Retired general tapped to be US ambassador to Saudi Arabia
AFP
WASHINGTON - President Barack Obama has nominated a retired air force general to be the next US ambassador to Saudi Arabia, a key US ally in the Middle East, the White House said Thursday.
Retired brigadier general James B. Smith's nomination to the sensitive diplomatic post in Riyadh came a day after Obama visited Saudi Arabia at the start of a Middle East tour and a major effort to reach out to the Muslim world.

Although he has had a distinguished military career that included combat sorties as an F-15 pilot during the 1991 Gulf War, Smith's resume shows little other direct experience with the Middle East.
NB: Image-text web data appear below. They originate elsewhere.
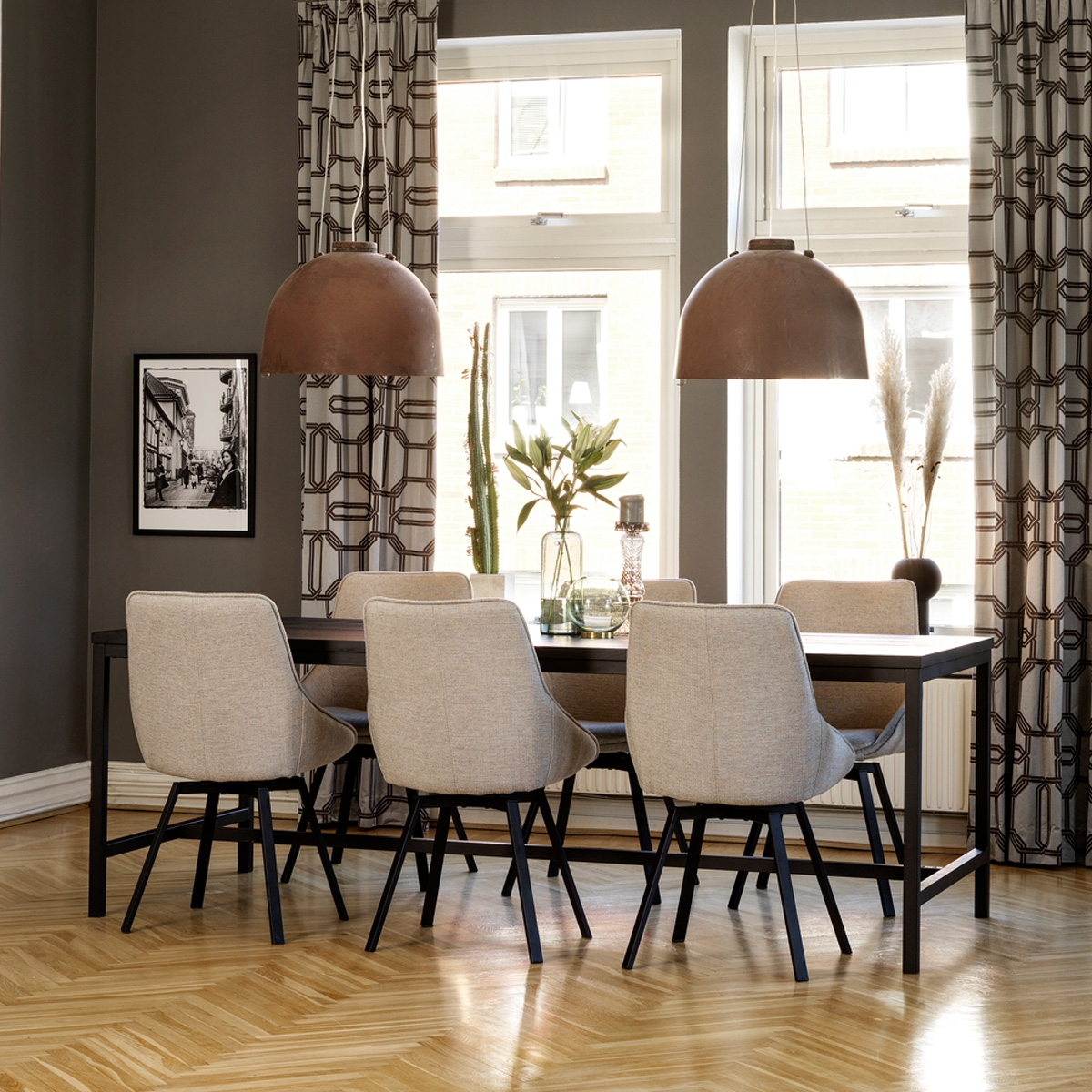 Eettafel Everett houten zwart - 220 x 100 cm
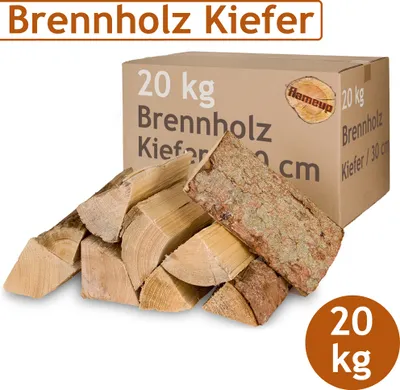 Obrázek produktu pro Borovice Palivové dřevo Palivové dřevo 20 kg dřeva Pro kamna a krb Ohnivá mísa Grilovací dřevo Palivové dřevo 30 cm polena Komorově sušené dřevo Flameup
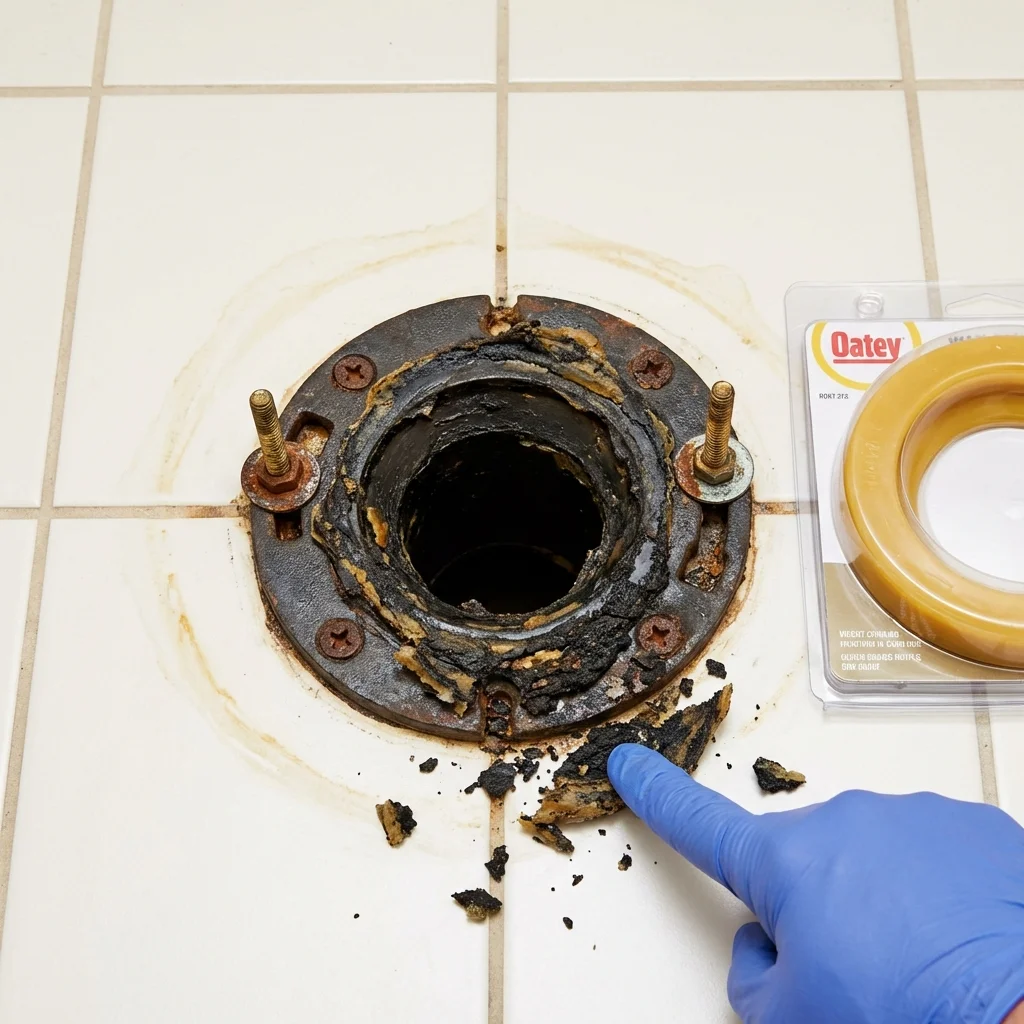 Failed wax ring showing water seepage at the base of a toilet in a Goodwater, AL home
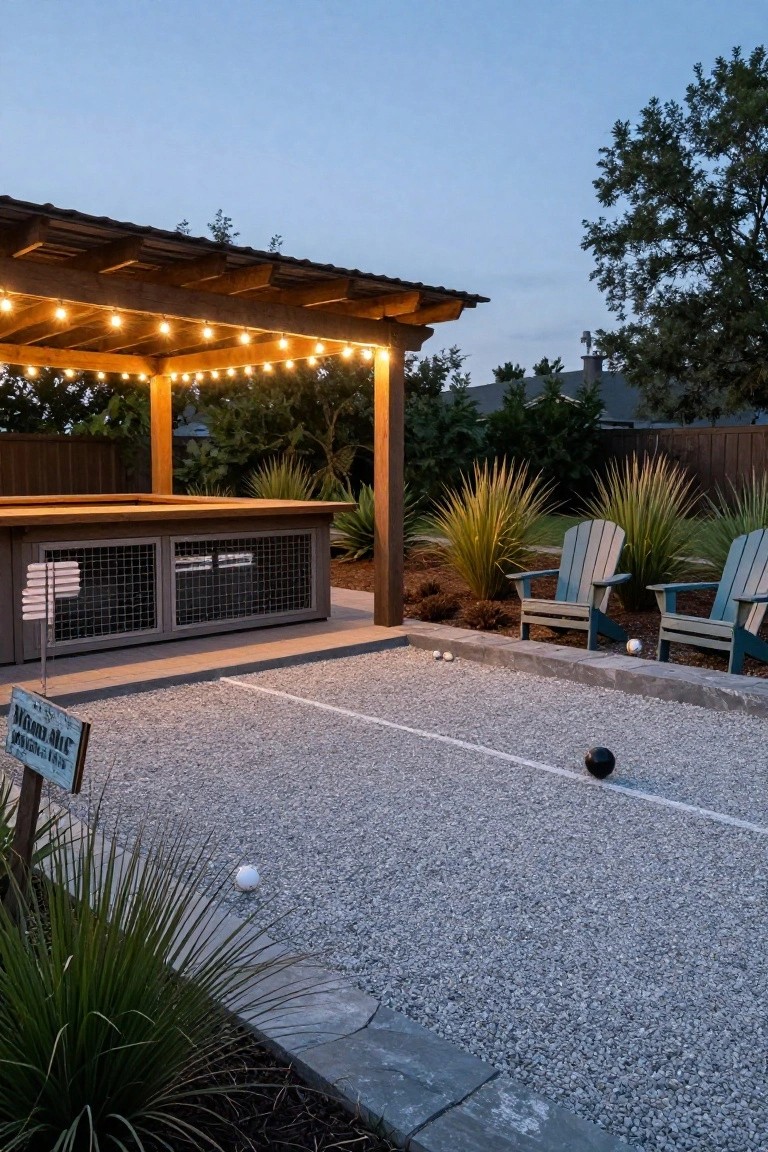Wooden pergola with string lights overhead, bar enclosure with grill inside, two Adirondack chairs nearby, bocce ball court with gravel surface and balls, surrounded by plants and fence in evening light.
In other notable nominations, Obama tapped David Jacobson, a lawyer who currently is the White House special assistant for presidential personnel, to be his ambassador to Canada.
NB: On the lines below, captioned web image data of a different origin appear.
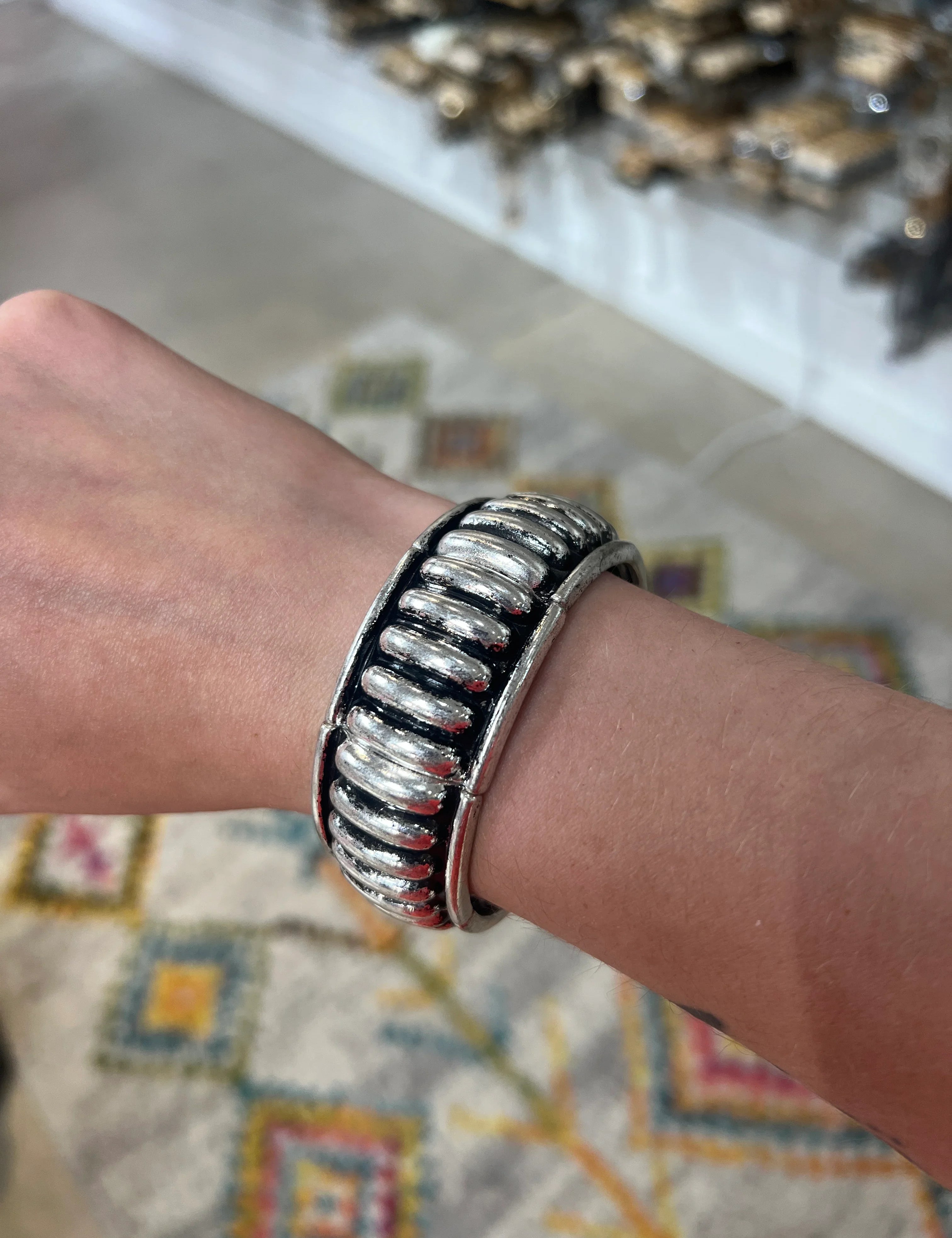 PINK PANACHE Silver Stretch Bracelet on Simply Obsessed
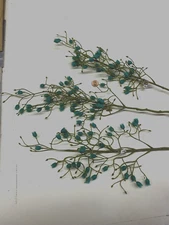 Plastic Stems of Greenery with Turquoise Blue Bell Shaped Flowers  - Vintage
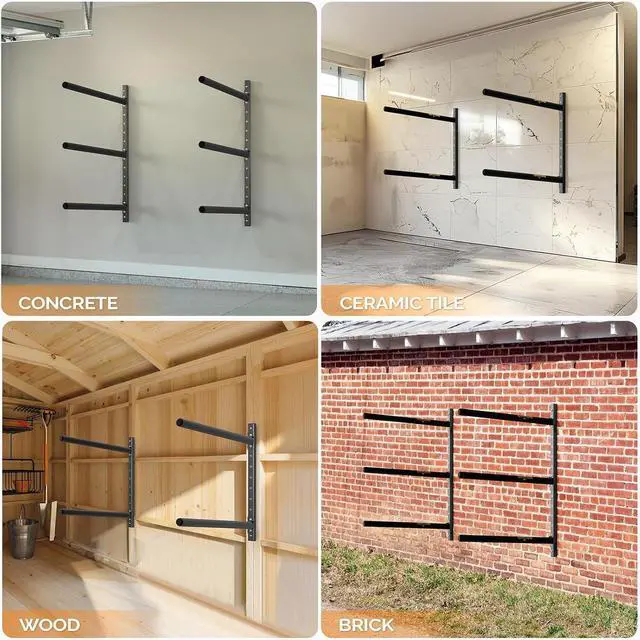 Alt view image 6 of 7 - Bonnlo Kayak Storage Rack, Adjustable Heavy Duty Kayak Rack for Kayaks Paddle Boards, Kayak Paddle Holder for Garage, Spacesaver, Gentle on Padding, Boat Organizer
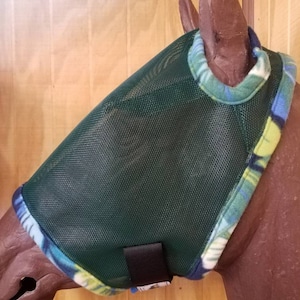 Custom Horse Fly Mask - Size Medium - Dark Forest Green Mesh with #352 Trim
Carlos Pascual, a former career foreign service officer and foreign policy expert at the Brookings Institution, was nominated to be ambassador to Mexico, the White House said.
Donald Gipps, Obama's director of presidential personnel and a former chief domestic policy adviser to then vice president Al Gore, was nominated to be the US Ambassador to South Africa.
Kenneth Merten was nominated to be US ambassador to Haiti, where he has served several times in the course of a 22-year career as a foreign service officer.